The Paul Phua World Cup betting case continues this week, with more reports emanating from the defense, complaining of illegal searches, lack of warrants, and failure to offer Miranda rights.
The legal team representing the alleged 14K Triad member, Paul Phua, have filed a motion to suppress the testimony he, and his son Darren, provided during a raid on a room he was using in Caesars Palace, Las Vegas, last July.
Phua is one of eight people arrested by FBI agents, on charges of operating an illegal sports betting operation from Villa 8888, on the Caesars Palace property. The ring purportedly processed $300m in illegals sports bets during the 2014 FIFA World Cup in Brazil.
It’s the second time that Phua’s legal team have made a move to suppress evidence, after they argued that members of the FBI obtained it illegally, after deliberately sabotaging the Internet connection in Villa 8888, and then entering the room disguised as cable repair men.
This latest move, by the defense, centers on the alleged failure of the FBI agents to read both Phua and his son their Miranda rights, thus violating their constitutional rights.
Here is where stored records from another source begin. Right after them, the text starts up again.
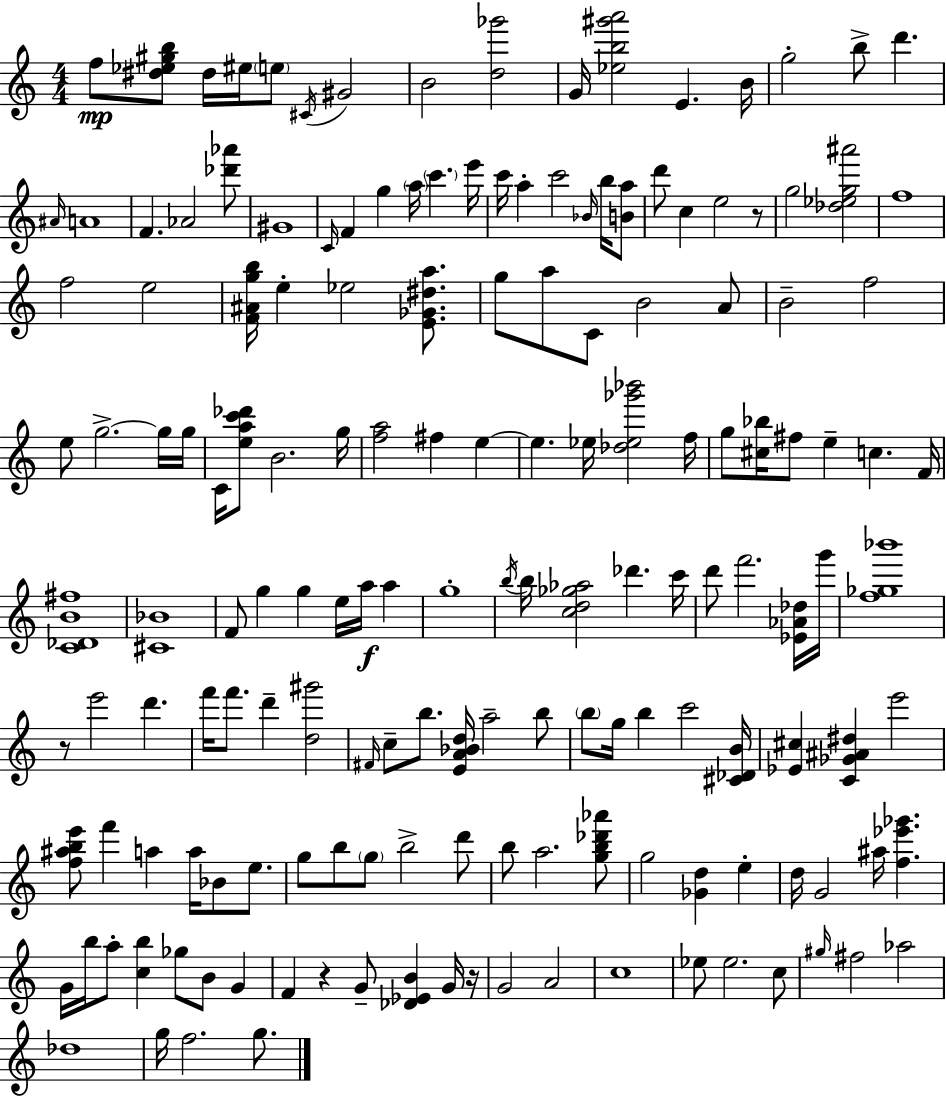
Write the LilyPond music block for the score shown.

{
  \clef treble
  \numericTimeSignature
  \time 4/4
  \key a \minor
  f''8\mp <dis'' ees'' gis'' b''>8 dis''16 eis''16 \parenthesize e''8 \acciaccatura { cis'16 } gis'2 | b'2 <d'' ges'''>2 | g'16 <ees'' b'' gis''' a'''>2 e'4. | b'16 g''2-. b''8-> d'''4. | \break \grace { ais'16 } a'1 | f'4. aes'2 | <des''' aes'''>8 gis'1 | \grace { c'16 } f'4 g''4 \parenthesize a''16 \parenthesize c'''4. | \break e'''16 c'''16 a''4-. c'''2 | \grace { bes'16 } b''16 <b' a''>8 d'''8 c''4 e''2 | r8 g''2 <des'' ees'' g'' ais'''>2 | f''1 | \break f''2 e''2 | <f' ais' g'' b''>16 e''4-. ees''2 | <e' ges' dis'' a''>8. g''8 a''8 c'8 b'2 | a'8 b'2-- f''2 | \break e''8 g''2.->~~ | g''16 g''16 c'16 <e'' a'' c''' des'''>8 b'2. | g''16 <f'' a''>2 fis''4 | e''4~~ e''4. ees''16 <des'' ees'' ges''' bes'''>2 | \break f''16 g''8 <cis'' bes''>16 fis''8 e''4-- c''4. | f'16 <c' des' b' fis''>1 | <cis' bes'>1 | f'8 g''4 g''4 e''16 a''16\f | \break a''4 g''1-. | \acciaccatura { b''16 } b''16 <c'' d'' ges'' aes''>2 des'''4. | c'''16 d'''8 f'''2. | <ees' aes' des''>16 g'''16 <f'' ges'' bes'''>1 | \break r8 e'''2 d'''4. | f'''16 f'''8. d'''4-- <d'' gis'''>2 | \grace { fis'16 } c''8-- b''8. <e' a' bes' d''>16 a''2-- | b''8 \parenthesize b''8 g''16 b''4 c'''2 | \break <cis' des' b'>16 <ees' cis''>4 <c' ges' ais' dis''>4 e'''2 | <f'' ais'' b'' e'''>8 f'''4 a''4 | a''16 bes'8 e''8. g''8 b''8 \parenthesize g''8 b''2-> | d'''8 b''8 a''2. | \break <g'' b'' des''' aes'''>8 g''2 <ges' d''>4 | e''4-. d''16 g'2 ais''16 | <f'' ees''' ges'''>4. g'16 b''16 a''8-. <c'' b''>4 ges''8 | b'8 g'4 f'4 r4 g'8-- | \break <des' ees' b'>4 g'16 r16 g'2 a'2 | c''1 | ees''8 ees''2. | c''8 \grace { gis''16 } fis''2 aes''2 | \break des''1 | g''16 f''2. | g''8. \bar "|."
}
Fans of the Hill Street Blues will remember that it gives them ‘the right to remain silent’, and ‘the person must be clearly informed that he/she has the right to consult with an attorney and to have that attorney present during questioning.’
The legal team has argued that Phua’s attorney was not allowed to meet the two men immediately after their arrest, and that Phua was not made aware that he could remain silent, or indeed stop the interview at any time.
Phua’s affidavit read: ”The first agent I saw pointed a machine gun at me and shouted, ‘Put your f*ing hands up’. Everyone in the villa was handcuffed, herded into the dining room, and told to get on our knees and face the wall.”
The reports go on to state that Phua was left in handcuffs during a three-hour interrogation, and two hours thereafter. Statements made by the FBI agents, present during the raid, state that Phua ‘was advised that agents were executing a search warrant, he was not under arrest, the interview was voluntary, he could refuse to answer questions, and he could stop the interview at any time.”
“At no point did I feel that I was free to stop answering the agents’ questions and terminate the interview, nor did I ever feel that I was free to leave,” Phua wrote.
The importance of the suppression of the alleged non-Mirandized statements, is because Phua allegedly told the FBI that he had invested approx. $200m in IBC Bet, an online betting outfit based in the Philippines, that people believe to be one of the largest in the world.
His son, Darren, is also reported to have said that he knew his father owned the site. Phua latest retracted his $200m comment and replaced it with the slightly lower estimate of $2m.
Phua told the agents that he had bet between $200m & $300m since the World Cup had started, but stopped all forms of betting once he arrived in America.
Philipp Gruissem and Igor Kurganov Mentioned
The names of the German High Stakes duo Philipp Gruissem, and Igor Kurganov, were also mentioned in the legal proceedings, after it transpired that Richard Yong (one of the eight arrested, and another suspected to be a member of the 14K Triad group) wired their $1m buy-ins to Caesars. The group who were arrested in Villa 8888 also bought in a third member of the BIG ONE for ONE-DROP field, Stanley Choi.
Yong, Phua, and Chun Lei Zhou aka ‘samrostan’ were all due to take part in the $1m buy-in event, but allegedly bailed out over a disagreement with the One Drop founder, Guy Laliberte.
When it comes to lines of credit Caesars Entertainment don’t mess about.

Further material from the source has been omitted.